● Task directions:
Reproduce the lines below exactly, from the one containing "فيلم Outlaw Johnny Black 2023 مترجم" through the one containing "2024 BMW X5 - 5", both included. Leave out any pictures.

● Supplied material:

-- Opening Marker --

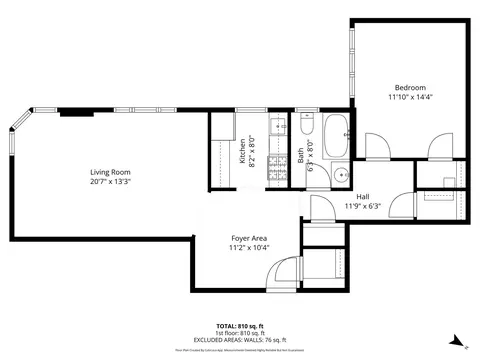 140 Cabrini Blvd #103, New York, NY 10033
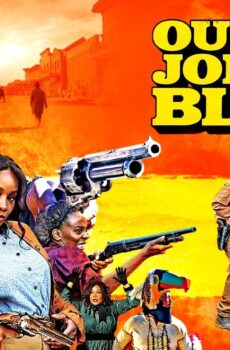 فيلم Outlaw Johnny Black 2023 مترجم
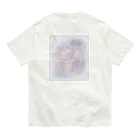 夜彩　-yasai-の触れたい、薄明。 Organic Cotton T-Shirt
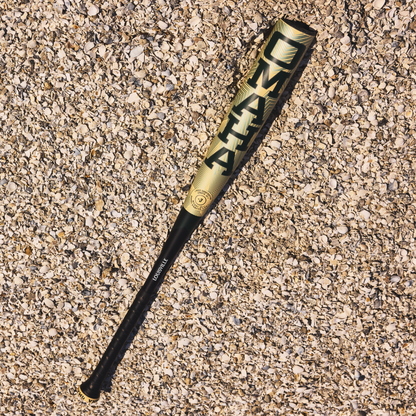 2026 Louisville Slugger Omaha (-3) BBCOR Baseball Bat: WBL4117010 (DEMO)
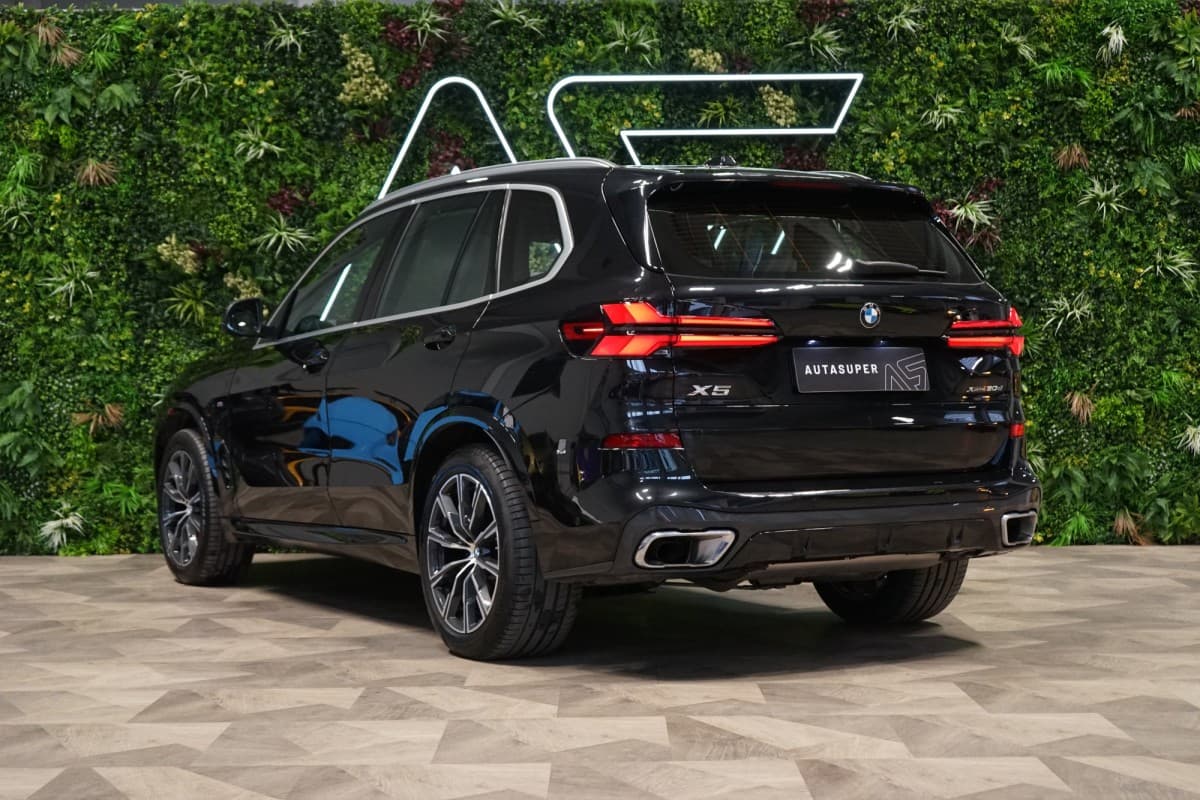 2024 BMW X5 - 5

-- Closing Marker --
-- Opening Marker --

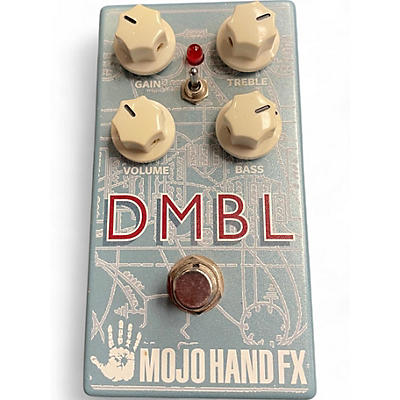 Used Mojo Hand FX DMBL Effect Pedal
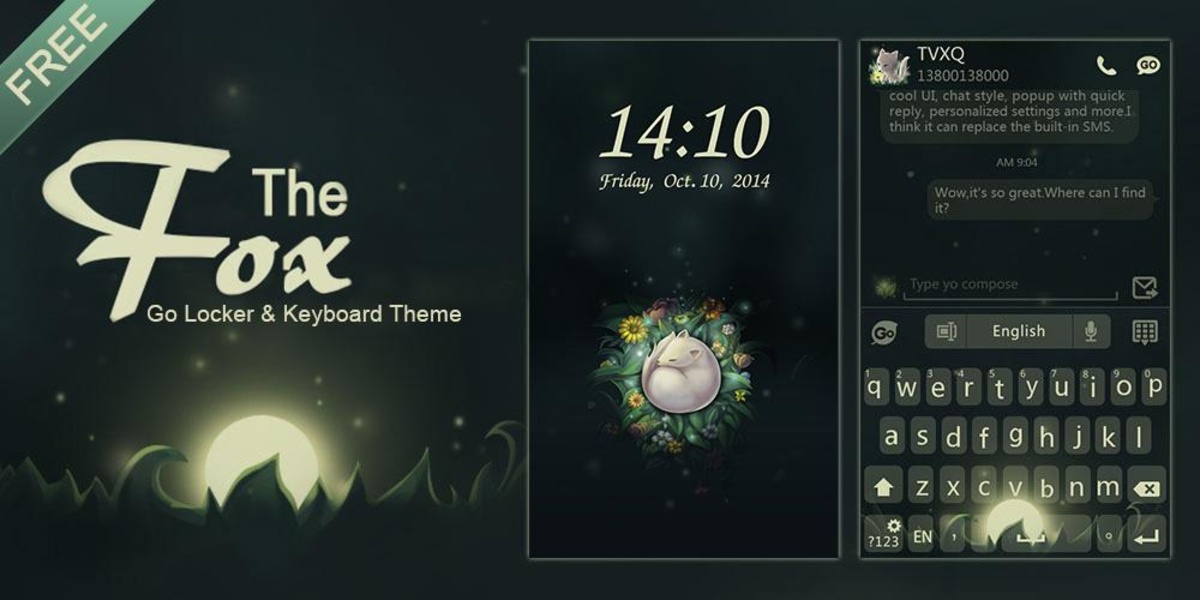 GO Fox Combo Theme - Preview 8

-- Closing Marker --

● Reply:
 فيلم Outlaw Johnny Black 2023 مترجم
 夜彩　-yasai-の触れたい、薄明。 Organic Cotton T-Shirt
 2026 Louisville Slugger Omaha (-3) BBCOR Baseball Bat: WBL4117010 (DEMO)
 2024 BMW X5 - 5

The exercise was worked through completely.